AUTHN_CONTEXT Functionality in v3

Cantor, Scott cantor.2 at osu.edu
Tue Apr 14 11:17:57 EDT 2015


On 4/14/15, 10:22 AM, "Marvin Addison" <marvin.addison at gmail.com> wrote:

>In v2 we leveraged a feature (undocumented afaict) whereby we could set a request attribute called AUTHN_CONTEXT (e.g. via servlet filter) to a value that would pass through to the outgoing SAML response as the AuthenticationMethod.
>The use case was defining the authentication method based on artifacts of a remote user authentication event. I don't see any equivalent mechanism available in v3, and it appears the data model maps a flow definition onto a single authentication method, which doesn't really accommodate this use case. I would appreciate some pointers on how we might accommodate this use case in v3.

This is all much more complex now to fix the unending stream of bugs related to context classes and downgrade attacks, and to try and automate so many complicated use cases.

None of the existing flows are really designed to leave the choice up in the air. You configure each flow with what it supports, and then it does something, and the code just auto-adds all of the special Principals it supports to the Subject coming back and then later on it picks one to use in the response. Everything is cross-checked over and over to prevent it from sending back Foo if the SP requests Bar.
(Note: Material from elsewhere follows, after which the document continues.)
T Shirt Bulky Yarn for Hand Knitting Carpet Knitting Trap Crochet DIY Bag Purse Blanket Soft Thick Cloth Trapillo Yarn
There's a lot of internal machinery that can override this, but it's not really used out of the box, I just put it there to support customization later.

The External flow is slightly more powerful in that you can populate a Subject yourself and return exactly the Principal collection you want, but out of the box it's not that usable for that because the engine will still auto-add the supportedPrincipals collection from the flow descriptor to the Subject at the end. I didn't think that part through all that well.
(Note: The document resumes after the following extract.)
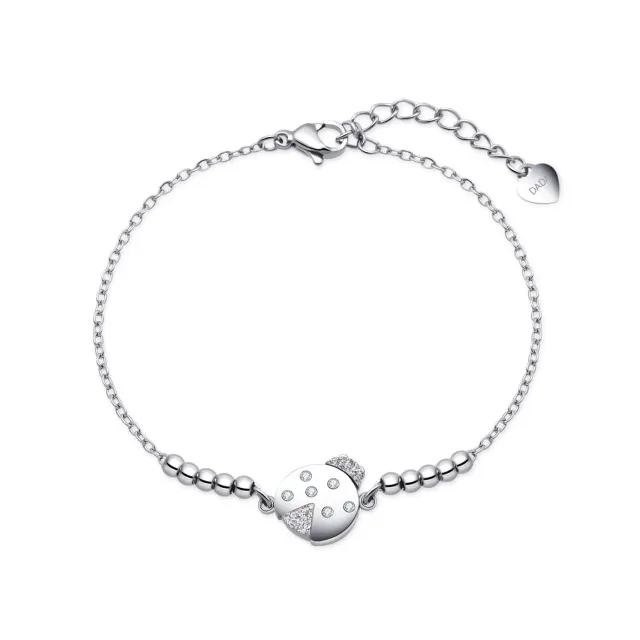 Dada Gioielli Portafortuna Bracciale Donna Quadrifoglio Zirconi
I've reviewed the code a bit and even some of what I was expecting to use to override behavior probably won't work as well as I thought, it's still too rigid for this use case.
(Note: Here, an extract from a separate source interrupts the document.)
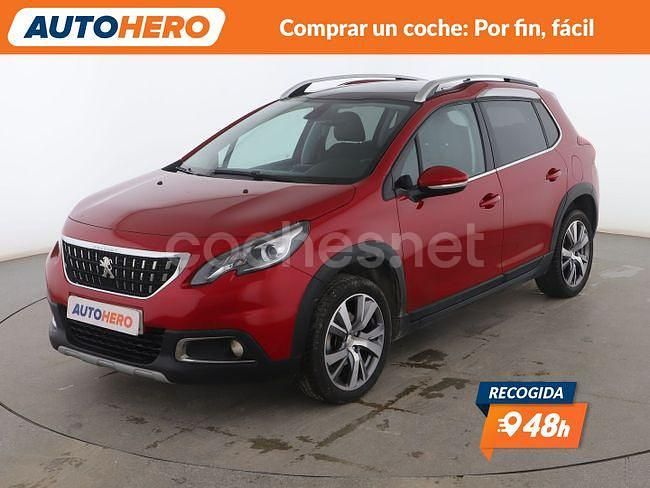 Rojo Usado 2017 Peugeot 2008 Allure SUV | 11.499 € (Precio justo) - Imagen 1/3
So I guess in a nutshell, it would take a custom login flow to do it right now. A custom flow can avoid the built-in assumptions and return whatever it wants as the Subject. The only caveat is that it had better be compatible with the SP's request or it will fail before it finishes up.

I'll file an issue so I can review some of the code again, I think there are some adjustments or additions we can make to provide more flexibility here.